As London prices thrust ever upwards, we thought we’d look at an alternative way to find a place to call home without having to compromise on size or location. Buyers generally feel they have two choices when the demand for property sends prices out of their budget: look at a cheaper neighbourhood, or downgrade the amount of space they’ll accept for their money. But there is another option that doesn’t get so much publicity; buy a former council property.
As home to London’s first council estate and a good few buildings that set the standard for contemporary architecture, East London has a collection of former council blocks that sell for significantly less than their trendier lofty counterparts without compromising on location or size, and often with more than a nugget of visionary modernism.
At the top of the tree there’s the Barbican, one of London’s most well-known addresses and arts hangouts. As Brutalist as they come, it’s home to some pretty radical living spaces, from the double storey apartments of Ben Johnson House to some true diamonds in the sky at Shakespeare, Cromwell and Lauderdale – its three iconic towers. The Barbican, however, is not for those on a budget and has become seriously hot property. But not everywhere is so famous or costly.

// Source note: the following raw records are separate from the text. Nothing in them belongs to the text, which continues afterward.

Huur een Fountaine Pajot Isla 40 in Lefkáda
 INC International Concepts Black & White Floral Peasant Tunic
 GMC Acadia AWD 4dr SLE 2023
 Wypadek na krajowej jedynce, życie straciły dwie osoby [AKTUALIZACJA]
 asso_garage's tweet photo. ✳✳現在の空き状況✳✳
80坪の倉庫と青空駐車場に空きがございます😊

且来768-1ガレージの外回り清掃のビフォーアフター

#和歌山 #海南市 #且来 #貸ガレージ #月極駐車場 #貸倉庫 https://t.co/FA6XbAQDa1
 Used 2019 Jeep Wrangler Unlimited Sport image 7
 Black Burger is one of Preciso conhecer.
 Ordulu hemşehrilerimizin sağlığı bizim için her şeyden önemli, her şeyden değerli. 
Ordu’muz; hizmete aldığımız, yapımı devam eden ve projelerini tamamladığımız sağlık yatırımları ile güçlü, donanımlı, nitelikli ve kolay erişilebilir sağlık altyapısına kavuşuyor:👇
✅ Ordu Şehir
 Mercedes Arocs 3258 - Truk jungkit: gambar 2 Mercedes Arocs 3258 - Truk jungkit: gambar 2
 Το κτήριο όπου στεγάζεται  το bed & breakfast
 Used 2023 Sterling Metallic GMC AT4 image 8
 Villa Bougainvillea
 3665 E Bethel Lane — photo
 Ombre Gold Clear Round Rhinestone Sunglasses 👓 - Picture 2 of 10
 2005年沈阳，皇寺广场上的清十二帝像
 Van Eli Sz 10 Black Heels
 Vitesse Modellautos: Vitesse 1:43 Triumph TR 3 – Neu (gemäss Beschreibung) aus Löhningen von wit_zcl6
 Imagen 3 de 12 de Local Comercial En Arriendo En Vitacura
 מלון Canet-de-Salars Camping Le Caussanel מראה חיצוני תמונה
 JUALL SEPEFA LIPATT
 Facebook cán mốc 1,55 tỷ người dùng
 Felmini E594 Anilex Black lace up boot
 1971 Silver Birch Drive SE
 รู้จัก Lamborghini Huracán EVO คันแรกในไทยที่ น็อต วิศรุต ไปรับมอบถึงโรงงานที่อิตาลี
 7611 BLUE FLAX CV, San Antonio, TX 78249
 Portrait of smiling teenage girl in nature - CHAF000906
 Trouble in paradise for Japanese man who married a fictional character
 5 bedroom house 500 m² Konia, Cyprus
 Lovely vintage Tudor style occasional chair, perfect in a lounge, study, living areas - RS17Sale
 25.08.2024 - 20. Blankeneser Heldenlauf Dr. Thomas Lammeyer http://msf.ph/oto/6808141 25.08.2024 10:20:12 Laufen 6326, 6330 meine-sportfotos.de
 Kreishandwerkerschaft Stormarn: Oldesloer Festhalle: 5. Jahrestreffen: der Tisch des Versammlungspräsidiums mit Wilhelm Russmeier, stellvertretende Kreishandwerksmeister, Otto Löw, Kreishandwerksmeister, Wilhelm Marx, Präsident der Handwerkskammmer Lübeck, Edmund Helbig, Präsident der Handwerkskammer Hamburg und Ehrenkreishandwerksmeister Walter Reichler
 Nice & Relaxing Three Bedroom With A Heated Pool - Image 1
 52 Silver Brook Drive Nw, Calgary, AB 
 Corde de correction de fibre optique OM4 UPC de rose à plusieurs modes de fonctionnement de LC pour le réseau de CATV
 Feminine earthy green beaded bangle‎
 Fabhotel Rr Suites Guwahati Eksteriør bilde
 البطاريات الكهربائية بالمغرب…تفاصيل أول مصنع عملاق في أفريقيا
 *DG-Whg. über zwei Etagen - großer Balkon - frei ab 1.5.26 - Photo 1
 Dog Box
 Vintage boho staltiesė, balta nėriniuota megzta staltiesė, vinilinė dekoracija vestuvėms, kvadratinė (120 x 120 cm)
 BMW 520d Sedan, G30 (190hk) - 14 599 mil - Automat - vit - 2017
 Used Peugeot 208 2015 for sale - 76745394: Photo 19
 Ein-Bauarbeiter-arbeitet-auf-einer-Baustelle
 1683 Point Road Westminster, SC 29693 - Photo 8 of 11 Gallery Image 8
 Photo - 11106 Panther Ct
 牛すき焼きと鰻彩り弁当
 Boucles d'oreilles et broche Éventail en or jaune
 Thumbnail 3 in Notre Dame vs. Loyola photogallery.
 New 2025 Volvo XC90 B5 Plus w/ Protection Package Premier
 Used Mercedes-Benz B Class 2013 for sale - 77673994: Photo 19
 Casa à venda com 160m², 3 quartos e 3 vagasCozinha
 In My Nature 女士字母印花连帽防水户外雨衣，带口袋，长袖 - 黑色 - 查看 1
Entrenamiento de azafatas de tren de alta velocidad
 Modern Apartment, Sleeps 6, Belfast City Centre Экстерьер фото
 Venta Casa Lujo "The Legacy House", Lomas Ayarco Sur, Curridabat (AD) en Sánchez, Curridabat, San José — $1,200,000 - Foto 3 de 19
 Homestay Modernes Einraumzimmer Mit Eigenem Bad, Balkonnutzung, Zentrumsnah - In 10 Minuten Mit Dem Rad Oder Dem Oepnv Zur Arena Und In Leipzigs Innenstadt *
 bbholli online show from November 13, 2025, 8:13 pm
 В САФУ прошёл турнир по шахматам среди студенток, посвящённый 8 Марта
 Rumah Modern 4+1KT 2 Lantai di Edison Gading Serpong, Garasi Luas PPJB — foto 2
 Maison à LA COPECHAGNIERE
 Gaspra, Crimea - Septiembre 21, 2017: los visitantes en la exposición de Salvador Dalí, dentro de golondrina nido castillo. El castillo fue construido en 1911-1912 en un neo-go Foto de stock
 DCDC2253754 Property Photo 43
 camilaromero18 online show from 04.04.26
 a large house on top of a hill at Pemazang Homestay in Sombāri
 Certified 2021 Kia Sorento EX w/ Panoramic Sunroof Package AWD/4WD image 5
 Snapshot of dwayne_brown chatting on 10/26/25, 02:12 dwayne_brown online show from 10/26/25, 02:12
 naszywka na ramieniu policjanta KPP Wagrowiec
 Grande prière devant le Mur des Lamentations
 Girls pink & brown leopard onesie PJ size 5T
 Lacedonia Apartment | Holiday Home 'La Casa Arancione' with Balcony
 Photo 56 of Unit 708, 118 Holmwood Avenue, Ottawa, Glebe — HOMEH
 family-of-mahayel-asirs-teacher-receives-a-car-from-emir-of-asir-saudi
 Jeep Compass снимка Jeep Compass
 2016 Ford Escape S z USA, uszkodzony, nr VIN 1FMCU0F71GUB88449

Sivill House on Columbia Road – and you can’t say that’s not a great address – is a 1950s Constructivist tower of 56 apartments with increasingly fine views as you work your way up the 17 floors inside its Tetris-style concrete shell. It was designed by a group of architects including Berthold Lubetkin, an early pioneer of modernism in Britain and the man behind, among other things, the penguin pool at London Zoo and also the Finsbury Health Centre, that went on to become the model for a newly created and accessible NHS.
Sivill House, Shoreditch
16-storey Keeling House in Bethnal Green, the first post-war council flats to become Grade II Listed, is a cluster of 4 blocks arranged around a central service tower. A radical transformation occurred when, after falling into disrepair, the building was sold to private developers. In 2001 they added architectural ponds, a penthouse floor and a glass atrium, garnering a RIBA award in the process and turning the Denys Lasdun (of South Bank Centre fame) -designed building into something of a Mecca for budget-conscious minimalists. It’s fast catching up on regular prices.
Keeling House, Bethnal Green
If you prefer it old-skool, but can’t stretch to a school conversion, how about the world’s very first council estate? Arnold Circus, right in the middle of Shoreditch (yet still, somehow, fairly quiet) is a series of red brick Victorian buildings arranged around an elevated central bandstand. Also Grade II Listed, it replaced a former slum (which moved to Dalston) and could be regarded as an early sign of the new middle classes forming an interest in the East End.
Arnold Circus, Shoreditch. Photo courtesy of lovelondoncouncilhousing.com
We’ll be exploring ex-council modernism in other parts of London over the coming months.